10 - Perceptron Training

by Fabio A. González, Universidad Nacional de Colombia

version 1.0, June 2018

Part of the class Applied Deep Learning

This notebook is licensed under a Creative Commons Attribution-ShareAlike 3.0 Unported License.

In [41]:
import numpy as np
import pylab as pl
from sklearn.datasets.samples_generator import make_blobs

%matplotlib inline

def plot_data(X, y):
    y_unique = np.unique(y)
    colors = pl.cm.rainbow(np.linspace(0.0, 1.0, y_unique.size))
    for this_y, color in zip(y_unique, colors):
        this_X = X[y == this_y]
        pl.scatter(this_X[:, 0], this_X[:, 1],  c=color,
                    alpha=0.5, edgecolor='k',
                    label="Class %s" % this_y)
    pl.legend(loc="best")
    pl.title("Data")
    
def plot_decision_region(X, pred_fun):
    min_x = np.min(X[:, 0])
    max_x = np.max(X[:, 0])
    min_y = np.min(X[:, 1])
    max_y = np.max(X[:, 1])
    min_x = min_x - (max_x - min_x) * 0.05
    max_x = max_x + (max_x - min_x) * 0.05
    min_y = min_y - (max_y - min_y) * 0.05
    max_y = max_y + (max_y - min_y) * 0.05
    x_vals = np.linspace(min_x, max_x, 30)
    y_vals = np.linspace(min_y, max_y, 30)
    XX, YY = np.meshgrid(x_vals, y_vals)
    grid_r, grid_c = XX.shape
    ZZ = np.zeros((grid_r, grid_c))
    for i in range(grid_r):
        for j in range(grid_c):
            ZZ[i, j] = pred_fun(XX[i, j], YY[i, j])
    pl.contourf(XX, YY, ZZ, 30, cmap = pl.cm.coolwarm, vmin= -1, vmax=2)
    pl.colorbar()
    pl.xlabel("x")
    pl.ylabel("y")

Two Class Classification Problem

In [61]:
X, Y = make_blobs(n_samples=100, centers=2, n_features=2, random_state=0)
pl.figure(figsize=(8, 6))
plot_data(X, Y)

How to solve it?

  • We need to design a prediction function $f:\mathbb{R}^{2}\rightarrow\mathbb{R}$ such that:
$$\textrm{Prediction}(x)=\begin{cases} C_{1} & \mbox{si }f(x)\ge \theta\\ C_{2} & \mbox{si }f(x)<\theta \end{cases}$$
  • Here we will model $f$ as a logistic model with parameters $w$ and $w_0$:
$$f_w(x) = P(C_1|x)= \sigma(wx+w_0)$$

where $$\sigma(x) = \frac{1}{1+e^{-x}}$$

Perceptron

This model corresponds to a perceptron or logistic regression model

$$f_w(x,y) = P(C_1|x)= \sigma(wx+w_0)$$

where $$\sigma(x) = \frac{1}{1+e^{-x}}$$

In [43]:
def sigmoid(x):
    return 1.0/(1.0 + np.exp(-x))

def predict(w, x):
    a = np.dot(w[1:], x) + w[0]
    z = sigmoid(a)
    return z

Learning as optimization

  • General optimization problem: $$\min_{f\in H}L(f,D)$$
  • Hypothesis space: $$H=\{f_w(x,y)=\sigma(wx+w_0),\forall w\in\mathbb{R}^n and w_0\in\mathbb{R}\}$$
  • Cross entropy loss function: $$L(f,D)=\sum_{(x_{i},r_{i})\in D} -r_i\log(f(x_i)) -(1-r_i)\log(1 - f(x_i))$$
  • Measures the likelihood of the the probabilistic model represented by $f$ given the data $D$.
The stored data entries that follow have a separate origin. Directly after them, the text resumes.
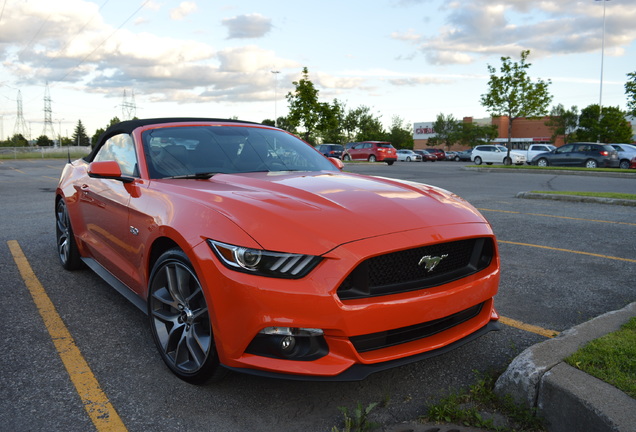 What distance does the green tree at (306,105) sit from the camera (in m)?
39.9

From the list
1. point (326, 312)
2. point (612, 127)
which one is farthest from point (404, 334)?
point (612, 127)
Calculating the cross entropy loss

In [44]:
def xentropy_loss(w, x, y):
    return - y * np.log(predict(w, x)) - (1 - y) * np.log(1 - predict(w, x))

def batch_loss(loss_fun, w, X, Y, ):
    n = X.shape[0]
    tot_loss = 0
    for i in range(n):
        tot_loss += loss_fun(w, X[i], Y[i])
    return tot_loss
In [45]:
def plot_loss(loss):
    w1_vals = np.linspace(-2, 2, 30)
    w2_vals = np.linspace(-2, 2, 30)
    W1, W2 = np.meshgrid(w1_vals, w2_vals)
    grid_r, grid_c = W1.shape
    ZZ = np.zeros((grid_r, grid_c))
    for i in range(grid_r):
        for j in range(grid_c):
            ZZ[i, j] = loss(W1[i, j], W2[i, j])
    pl.contourf(W1, W2, ZZ,30, cmap = pl.cm.jet)
    pl.colorbar()
    pl.xlabel("w1")
    pl.ylabel("w2")

def bloss_xe(w1, w2):
    w = np.array([1, w1, w2])
    return batch_loss(xentropy_loss, w, X, Y)
In [46]:
plot_loss(bloss_xe)

Other loss fuctions

  • There are several different loss functions.

  • $L_1$ loss:

$$ L_1(f, D) =\sum_{(x_{i},r_{i})\in D} |r_i - f(x_i)| $$
  • $L_2$ loss:
$$ L_2(f, D) =\sum_{(x_{i},r_{i})\in D} (r_i - f(x_i))^2 $$
In [47]:
def l1_loss(w, x, y):
    return np.abs(y - predict(w, x))

def loss1(w1, w2):
    w = np.array([1, w1, w2])
    return batch_loss(l1_loss, w, X, Y)

def l2_loss(w, x, y):
    return (y - predict(w, x)) ** 2 / 2

def loss2(w1, w2):
    w = np.array([1, w1, w2])
    return batch_loss(l2_loss, w, X, Y)
In [48]:
pl.figure(figsize = (15,5))
pl.subplot(1,3,1); plot_loss(bloss_xe); pl.title("XE loss")
pl.subplot(1,3,2); pl.title("L1 loss"); plot_loss(loss1)
pl.subplot(1,3,3); pl.title("L2 loss"); plot_loss(loss2)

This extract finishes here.